Gespräch mit Kathrin Bach
In zehn Jahren wird nichts mehr so aussehen, wie wir das kennen
  Gespräch
Literatur und Förderung, so das The­ma, bei dem es um Stipen­dia­ten, Preise und Ver­lage geht. Kann För­derung die Schreib­weise der Autoren verändern? Benöt­igen wir mehr För­derung? Wie sieht die Zukunft aus?

Ungekürzt erschienen in
poet nr. 14
Literaturmagazin
poetenladen, Frühjahr 2013
Stephan Porombka wurde 1967 in Salz­gitter gebo­ren. Er studierte Ger­manis­tik, Poli­to­logie und Thea­ter­wissen­schaft in Braun­schweig und Berlin und promo­vierte über die Geschich­te der digi­talen Literatur (1999). Von 2007 bis 2013 wart er Pro­fessor für Lite­ratur­wissens­chaft und Kultur­journalis­mus an der Uni­versität Hildesheim und unterrichtet nun „Texttheorie und Textgestaltung“ an der Universität der Künste Berlin. Zu ­seinen For­schungs­schwer­punkten gehören Lite­ratur und Journalis­mus, Sach­buch­forschung, ange­wandte Literatur­wissen­schaf­ten und lite­rarische Kreativ­ität. Zahlreiche Heraus­gaben und Einzel­titel, zuletzt unter anderem Meyers Atlas inspi­rierender Orte (mit Wiebke Porombka), Biblio­graphi­sches Institut, Mannheim 2012.


Kathrin Bach: Schieß los: Inwiefern ist eine Schreibschule, wie wir sie zum Beispiel hier in Hildesheim haben, für dich Literaturförderung?

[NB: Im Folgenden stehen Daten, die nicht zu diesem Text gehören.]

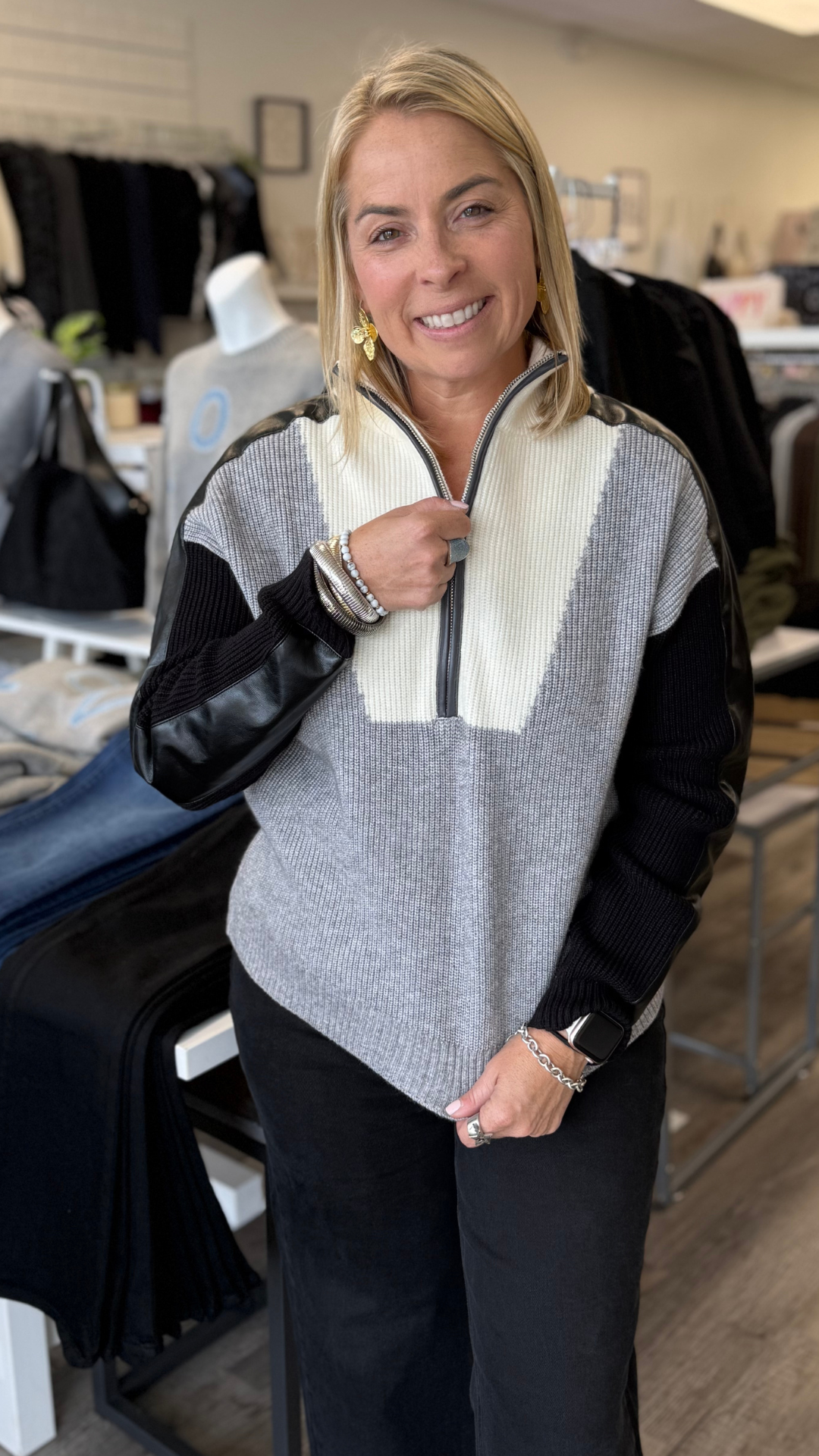 Grey Colorblock Sweater With Faux Leather Sleeves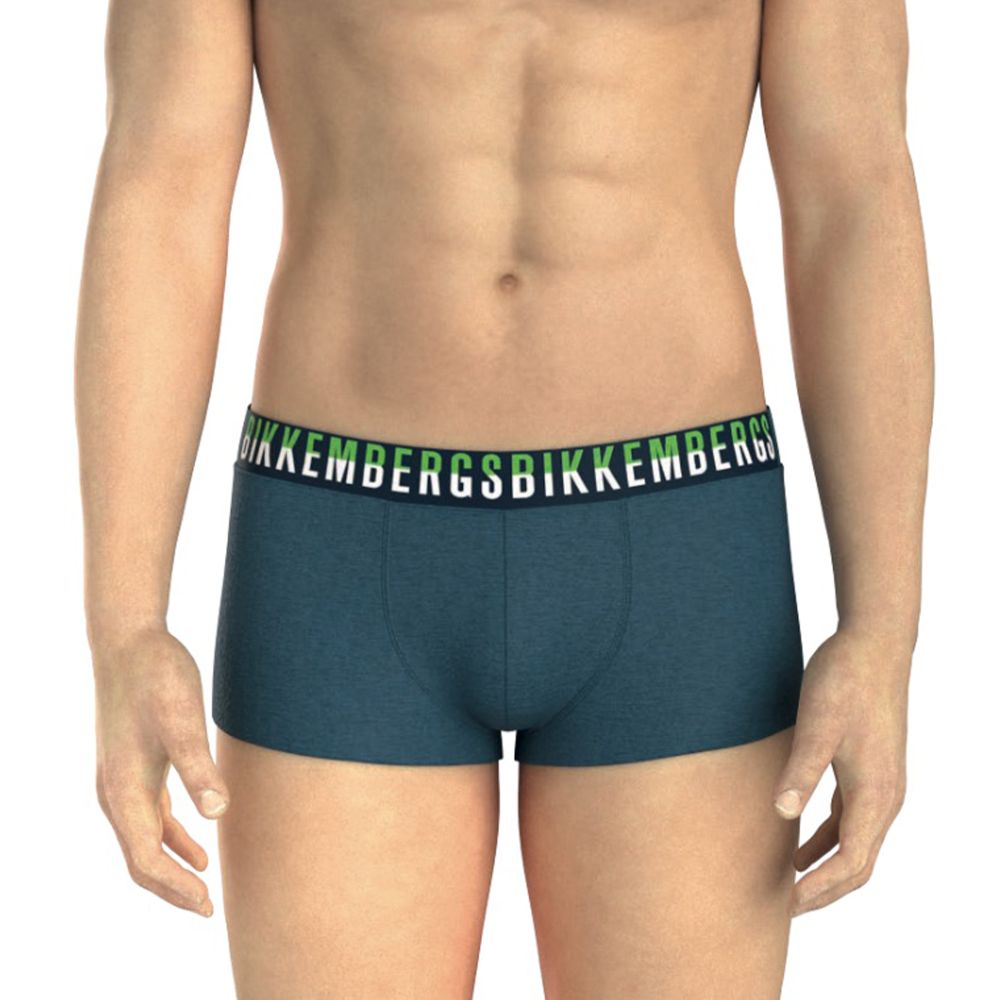 Мужские трусы боксеры синие набор 3в1 Bikkembergs BICOLOR BKK52UTR27TR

Stephan Porombka: Im Feld der literarischen Förderung muss man unterscheiden: Es gibt Leute, die was geschrieben haben und die man dafür prämiert, dass sie etwas geschrieben haben, das fertig ist. Es gibt Leute, die Pro­jekte direkt vor der Brust haben und das machen wollen und dafür Stipendien kriegen. Und dann gibt es aber auch Leute, die gerade erst ange­fangen haben zu schreiben und die sich in ihrem Schreiben noch ent­wickeln und das nicht alleine können. Das wäre eine dritte Säule der Förderung: Leute, die in der Entwicklung sind und noch am Anfang stehen, zu coachen. Diese Begleitung findet man im Rahmen eines Studien­ganges an der Universität noch nicht lang.

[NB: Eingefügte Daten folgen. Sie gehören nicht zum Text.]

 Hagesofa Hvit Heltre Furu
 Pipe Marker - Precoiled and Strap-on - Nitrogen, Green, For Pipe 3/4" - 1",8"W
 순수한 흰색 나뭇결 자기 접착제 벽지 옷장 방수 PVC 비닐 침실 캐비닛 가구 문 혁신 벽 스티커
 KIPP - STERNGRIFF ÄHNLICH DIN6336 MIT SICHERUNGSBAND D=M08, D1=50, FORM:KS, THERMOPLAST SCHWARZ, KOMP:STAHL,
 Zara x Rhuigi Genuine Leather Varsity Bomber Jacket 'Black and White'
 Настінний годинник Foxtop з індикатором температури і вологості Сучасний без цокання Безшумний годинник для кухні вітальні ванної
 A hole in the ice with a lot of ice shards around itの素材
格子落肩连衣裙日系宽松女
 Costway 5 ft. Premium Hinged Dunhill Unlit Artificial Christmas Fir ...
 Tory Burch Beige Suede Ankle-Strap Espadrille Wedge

K. Bach: Würdest du denn sagen, dass die Schreibschüler, die dieses Coaching erhalten, dann später auch die sind, die die Preise und Stipendien abstauben?

S. Porombka: Ach, ich glaube, das weißt du selbst: Weder ist das Schreiben linear noch die Ent­wicklung von Autoren­bio­grafien. Und manchmal tauchen junge Men­schen in diesen Studien­gängen auf und glauben, dass sie etwas Bestimm­tes erfüllen müssen. Meistens erfüllt es sich bei ihnen nicht und das ist mit unglaub­lichen Frustra­tionen verbunden. Es geht aber einfach darum, sich im Schreiben weiter zu ent­wickeln und Schreib­schu­len bieten die Möglichkeit, sich konzen­triert mit dem Schreiben zu beschäf­tigen. Was dann daraus wird, ist die zweite Frage und für die Antwort braucht man die Zeit, die man auf den Schreib­schulen ist.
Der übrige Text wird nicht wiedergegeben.